We and others have argued that taste function and diet are intimately connected through coordinated evolutionary processes that fit one to the other [1], [2], [3], [4]. Specifically for sweet taste, animal species that routinely consume plants express taste preferences for simple sugars and have functional sweet taste receptors (T1R2+T1R3), whereas many species that do not consume plants (e.g., strict carnivores) often do not prefer sugars and during evolution have lost sweet taste receptor function through detrimental mutations [1], [2], [5], [6]. It is thought that selection to maintain sweet taste receptor function is due to the need to identify plants rich in calories that are provided by the presence of simple sugars. A parallel argument has recently been made for bitter taste in vertebrates: the number of functional bitter receptors and the potential for contact with plant-based toxic compounds (i.e., the amount of plant-based material in the diet) are positively correlated [3].

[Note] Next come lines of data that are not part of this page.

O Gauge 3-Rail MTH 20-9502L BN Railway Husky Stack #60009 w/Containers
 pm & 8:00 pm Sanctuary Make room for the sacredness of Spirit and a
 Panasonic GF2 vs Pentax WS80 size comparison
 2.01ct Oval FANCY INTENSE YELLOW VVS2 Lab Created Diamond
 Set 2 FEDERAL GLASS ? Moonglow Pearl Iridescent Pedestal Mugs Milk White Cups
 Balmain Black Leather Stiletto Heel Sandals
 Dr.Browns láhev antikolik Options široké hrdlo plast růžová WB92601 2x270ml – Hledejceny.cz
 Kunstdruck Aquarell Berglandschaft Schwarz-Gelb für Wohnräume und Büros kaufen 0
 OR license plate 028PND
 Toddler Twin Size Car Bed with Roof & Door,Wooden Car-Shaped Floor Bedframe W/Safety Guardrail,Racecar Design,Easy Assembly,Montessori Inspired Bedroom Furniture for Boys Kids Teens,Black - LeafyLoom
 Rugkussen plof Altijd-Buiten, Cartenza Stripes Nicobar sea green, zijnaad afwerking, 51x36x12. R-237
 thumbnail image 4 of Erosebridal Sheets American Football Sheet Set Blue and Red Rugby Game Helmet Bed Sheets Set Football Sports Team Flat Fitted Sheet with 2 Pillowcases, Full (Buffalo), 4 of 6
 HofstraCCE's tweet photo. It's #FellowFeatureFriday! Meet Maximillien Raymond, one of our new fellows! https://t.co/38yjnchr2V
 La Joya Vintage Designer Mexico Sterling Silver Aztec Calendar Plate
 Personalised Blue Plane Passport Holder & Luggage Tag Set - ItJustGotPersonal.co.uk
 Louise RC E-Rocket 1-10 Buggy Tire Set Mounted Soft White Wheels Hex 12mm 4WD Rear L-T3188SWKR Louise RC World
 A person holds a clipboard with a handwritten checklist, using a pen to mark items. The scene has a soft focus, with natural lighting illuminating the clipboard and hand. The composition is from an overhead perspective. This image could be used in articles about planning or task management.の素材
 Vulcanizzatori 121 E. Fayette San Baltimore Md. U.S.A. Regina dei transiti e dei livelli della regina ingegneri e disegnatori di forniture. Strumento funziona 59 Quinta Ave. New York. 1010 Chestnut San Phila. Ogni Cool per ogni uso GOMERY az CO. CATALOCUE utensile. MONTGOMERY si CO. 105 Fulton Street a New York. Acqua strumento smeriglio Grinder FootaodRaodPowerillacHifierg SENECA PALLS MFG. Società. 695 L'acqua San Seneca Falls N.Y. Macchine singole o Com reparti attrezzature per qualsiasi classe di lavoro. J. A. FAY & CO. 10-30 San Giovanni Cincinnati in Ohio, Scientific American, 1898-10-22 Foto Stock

The giant panda (Ailuropoda melanoleuca) provides a test of this coordination hypothesis for sweet taste. On the one hand, giant pandas exclusively consume plants, and thus one might predict that they should have a functional sweet taste system. This hypothesis is consistent with genetic studies that predict that genes that encode the sweet taste receptor (T1R2 + T1R3) are intact and functional [7]. On the other hand, their diet, 99% of which consists of bamboo, a single plant species that has a low sugar content [8], might lead one to predict that they, like strict carnivores [1], [5], [6], [9], [10], have lost sweet taste function.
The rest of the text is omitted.